‘Equalizer 3’ Blu-ray Review: Worthy Ending to Terrific Movie Star Franchise

Denzel Washington in The Equalizer 3
Columbia Pictures

The Equalizer 3 delivers cathartic action and a second-to-none movie star performance courtesy of Denzel Washington.

Director Antoine Fuqua, screenwriter Richard Wenk, producer Todd Black, and star Denzel Washington can now say they have produced a rarity, a consistently satisfying action franchise. No duds. Even the best of them (Lethal Weapon, Aliens, Kingsman, Rambo, Taken) slip with their sequels. Not Equalizer. Each chapter made a promise. Each chapter kept that promise.

Based on a television show I’ve never seen, the four men named above launched The Equalizer in 2014. Two-time Oscar winner and the world’s greatest movie star (now that Sir Michael Caine has retired), Denzel Washington plays Robert McCall, a Boston widower who works at a home improvement store and whose grief burdens him with insomnia.

The middle-aged McCall also has a past. The retired Marine and intelligence officer can take out a room of Russian mafia using whatever’s handy. He’s fast, strong, lethal, and most importantly, his sense of justice allows him to live with it. By the end of The Equalizer, McCall has regained a purpose by becoming The Equalizer, an extraordinary man ready to help ordinary people.

After two adventures in Boston, Equalizer 3 wisely changes the scenery. Without giving anything away, the results of a brutal job (the opening scene) and advancing age finally give McCall pause. Mortality and God are much on his mind. Maybe it’s time to settle down. This coastal town of Altamonte, Italy, which has adopted him without judgment or questions, seems like the perfect place.

But first, he’ll have to deal with the local mafia, the Camorra. Your imagination can take it from here.

The locations are gorgeous, and the action sequences are cathartic. Equally impressive is the subtle evolution of McCall’s character. He’s still a man burdened with grief over the loss of his wife, only now he’s willing to make friends with a local woman. This relationship is touching in its subtlety. Without saying so, we can sense McCall might be ready to move on. Might. And the movie leaves it up to us to decide what might happen next.

On a higher thematic level, Equalizer 3 is a rousing defense of Western Civilization. The storybook Altamonte is everything a sane world could be: a world of small towns and small businesses, of decent people who look out for one another and are held together by generations of tradition and religious faith. This is where McCall believes he belongs; this is something worth preserving, so he will rid it of the Italian barbarians doing business with (unseen) Islamic terrorists.

In this diseased era of DEI and shallow identity politics, watching as McCall is embraced by a town mostly populated by white Italians without the issue of race ever being raised feels like an act of subversion.

The Equalizer 3, though, is what it is: a genre film.
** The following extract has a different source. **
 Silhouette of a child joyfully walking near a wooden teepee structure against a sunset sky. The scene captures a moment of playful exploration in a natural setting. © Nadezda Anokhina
To everyone’s great credit, no one is looking to reinvent anything. What makes it special is the talent—the writing, the directing, and above all, The Mighty Denzel.

This entire franchise, most especially part three, should be taught in Movie Star School. You cannot take your eyes off Washington. Everything he does with every part of his body is done for maximum effect. The hunch of his shoulders, the rhythm of his stride, the position of his mouth, how he holds his hands, and, most of all, his pose while perfectly still… None of this is by accident. Washington knows no one will hand him an Oscar for Equalizer 3, so he strives for something iconic, and it’s dazzling to watch. It’s the art of projecting charisma and presence, and it’s becoming a lost art.

In his later years, John Wayne understood the same, so he did the same. The legend of John Wayne was cemented in his sixties, in one programmer Western after another. What makes movies like The Train Robbers (1973), McQ (1974), and Big Jake (1971) endlessly rewatchable is their iconic star giving an iconic performance. Same with the Equalizer series.

Just as I hope we’re done with John Wick, I hope we’re done with The Equalizer. Great franchise and you stuck the landing. Please walk away.

Due to my wife’s health issues, which are improving, I haven’t been inside a movie theater in over a year. But like all good movies, you don’t need to see Equalizer 3 on the big screen to enjoy it. It plays like gangbusters at home because it’s not a stupid carnival ride. You care about the story and characters, which means it will play anywhere.

The Equalizer 3 is available on Blu-ray and UltraHD,  as is the full franchise.